Try it: Copy out the listing below so that each line matches exactly.

######

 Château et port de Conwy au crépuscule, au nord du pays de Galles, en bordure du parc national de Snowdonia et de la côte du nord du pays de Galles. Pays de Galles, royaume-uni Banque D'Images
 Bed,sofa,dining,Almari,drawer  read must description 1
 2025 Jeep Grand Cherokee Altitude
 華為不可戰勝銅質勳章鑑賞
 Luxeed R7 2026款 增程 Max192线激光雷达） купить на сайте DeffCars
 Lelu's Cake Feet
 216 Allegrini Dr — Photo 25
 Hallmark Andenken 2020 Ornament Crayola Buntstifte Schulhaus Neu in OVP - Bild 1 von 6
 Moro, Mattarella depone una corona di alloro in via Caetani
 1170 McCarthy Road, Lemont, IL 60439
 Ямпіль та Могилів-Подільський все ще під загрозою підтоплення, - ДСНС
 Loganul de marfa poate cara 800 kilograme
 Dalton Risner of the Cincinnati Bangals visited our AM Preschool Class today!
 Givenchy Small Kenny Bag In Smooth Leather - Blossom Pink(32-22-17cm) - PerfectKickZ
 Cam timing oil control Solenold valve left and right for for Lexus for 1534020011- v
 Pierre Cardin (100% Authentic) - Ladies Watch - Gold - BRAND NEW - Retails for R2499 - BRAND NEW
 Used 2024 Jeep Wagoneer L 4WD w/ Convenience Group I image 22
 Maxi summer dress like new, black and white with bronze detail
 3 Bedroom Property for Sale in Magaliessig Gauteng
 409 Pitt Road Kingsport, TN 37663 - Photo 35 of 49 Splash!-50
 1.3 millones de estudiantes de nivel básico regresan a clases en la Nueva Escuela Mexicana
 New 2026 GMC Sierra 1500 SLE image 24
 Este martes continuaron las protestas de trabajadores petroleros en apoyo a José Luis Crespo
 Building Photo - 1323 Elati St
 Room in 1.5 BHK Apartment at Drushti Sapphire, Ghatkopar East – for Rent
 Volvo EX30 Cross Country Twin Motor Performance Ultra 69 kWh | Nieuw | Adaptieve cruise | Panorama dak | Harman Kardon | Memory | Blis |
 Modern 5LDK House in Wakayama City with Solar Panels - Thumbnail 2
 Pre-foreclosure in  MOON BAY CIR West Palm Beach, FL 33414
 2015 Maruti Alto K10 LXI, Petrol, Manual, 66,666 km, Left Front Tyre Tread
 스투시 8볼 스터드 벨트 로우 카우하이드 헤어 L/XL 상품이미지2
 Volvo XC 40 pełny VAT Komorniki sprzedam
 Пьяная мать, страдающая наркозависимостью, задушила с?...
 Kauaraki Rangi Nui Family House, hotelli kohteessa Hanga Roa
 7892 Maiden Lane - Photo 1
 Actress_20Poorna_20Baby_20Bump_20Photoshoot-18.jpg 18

######

Expected answer:
 Château et port de Conwy au crépuscule, au nord du pays de Galles, en bordure du parc national de Snowdonia et de la côte du nord du pays de Galles. Pays de Galles, royaume-uni Banque D'Images
 Bed,sofa,dining,Almari,drawer  read must description 1
 2025 Jeep Grand Cherokee Altitude
 華為不可戰勝銅質勳章鑑賞
 Luxeed R7 2026款 增程 Max192线激光雷达） купить на сайте DeffCars
 Lelu's Cake Feet
 216 Allegrini Dr — Photo 25
 Hallmark Andenken 2020 Ornament Crayola Buntstifte Schulhaus Neu in OVP - Bild 1 von 6
 Moro, Mattarella depone una corona di alloro in via Caetani
 1170 McCarthy Road, Lemont, IL 60439
 Ямпіль та Могилів-Подільський все ще під загрозою підтоплення, - ДСНС
 Loganul de marfa poate cara 800 kilograme
 Dalton Risner of the Cincinnati Bangals visited our AM Preschool Class today!
 Givenchy Small Kenny Bag In Smooth Leather - Blossom Pink(32-22-17cm) - PerfectKickZ
 Cam timing oil control Solenold valve left and right for for Lexus for 1534020011- v
 Pierre Cardin (100% Authentic) - Ladies Watch - Gold - BRAND NEW - Retails for R2499 - BRAND NEW
 Used 2024 Jeep Wagoneer L 4WD w/ Convenience Group I image 22
 Maxi summer dress like new, black and white with bronze detail
 3 Bedroom Property for Sale in Magaliessig Gauteng
 409 Pitt Road Kingsport, TN 37663 - Photo 35 of 49 Splash!-50
 1.3 millones de estudiantes de nivel básico regresan a clases en la Nueva Escuela Mexicana
 New 2026 GMC Sierra 1500 SLE image 24
 Este martes continuaron las protestas de trabajadores petroleros en apoyo a José Luis Crespo
 Building Photo - 1323 Elati St
 Room in 1.5 BHK Apartment at Drushti Sapphire, Ghatkopar East – for Rent
 Volvo EX30 Cross Country Twin Motor Performance Ultra 69 kWh | Nieuw | Adaptieve cruise | Panorama dak | Harman Kardon | Memory | Blis |
 Modern 5LDK House in Wakayama City with Solar Panels - Thumbnail 2
 Pre-foreclosure in  MOON BAY CIR West Palm Beach, FL 33414
 2015 Maruti Alto K10 LXI, Petrol, Manual, 66,666 km, Left Front Tyre Tread
 스투시 8볼 스터드 벨트 로우 카우하이드 헤어 L/XL 상품이미지2
 Volvo XC 40 pełny VAT Komorniki sprzedam
 Пьяная мать, страдающая наркозависимостью, задушила с?...
 Kauaraki Rangi Nui Family House, hotelli kohteessa Hanga Roa
 7892 Maiden Lane - Photo 1
 Actress_20Poorna_20Baby_20Bump_20Photoshoot-18.jpg 18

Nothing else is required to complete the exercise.